Transcribe everything in the listing as written, and let no image into the copy.

*Raw data:*

-*-*-

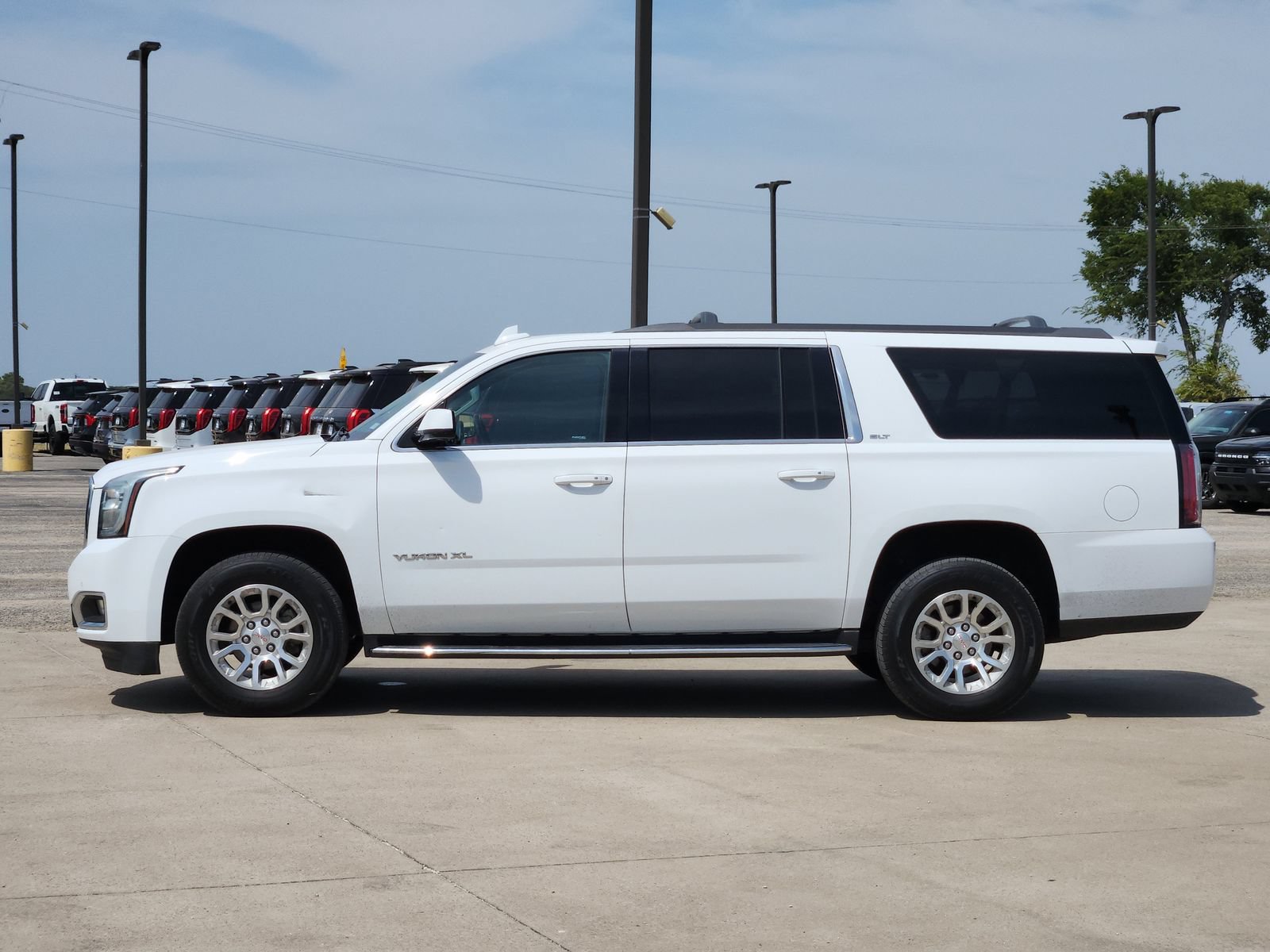 Used 2019 GMC Yukon XL SLT w/ Open Road Package AWD/4WD image 3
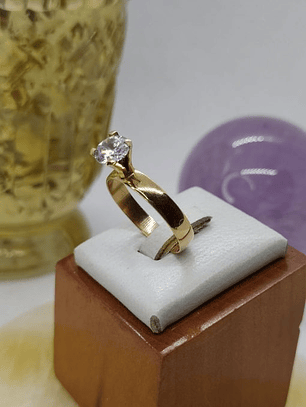 Anillo solitario ancho circón 2.9 grs Oro 18k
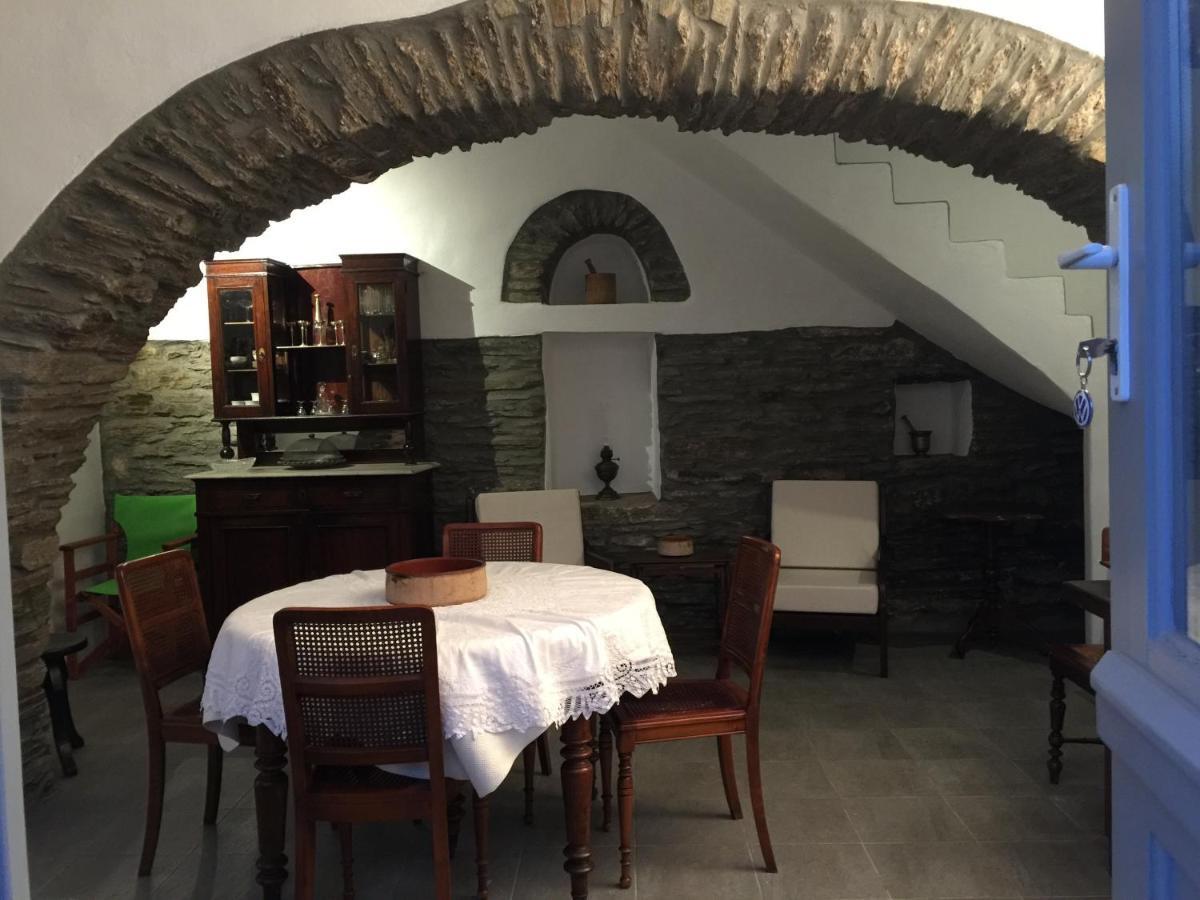 Villa Tina & Miltos Karia (Tinos)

-*-*-

*Answer space:*
 Used 2019 GMC Yukon XL SLT w/ Open Road Package AWD/4WD image 3
 Anillo solitario ancho circón 2.9 grs Oro 18k
 Villa Tina & Miltos Karia (Tinos)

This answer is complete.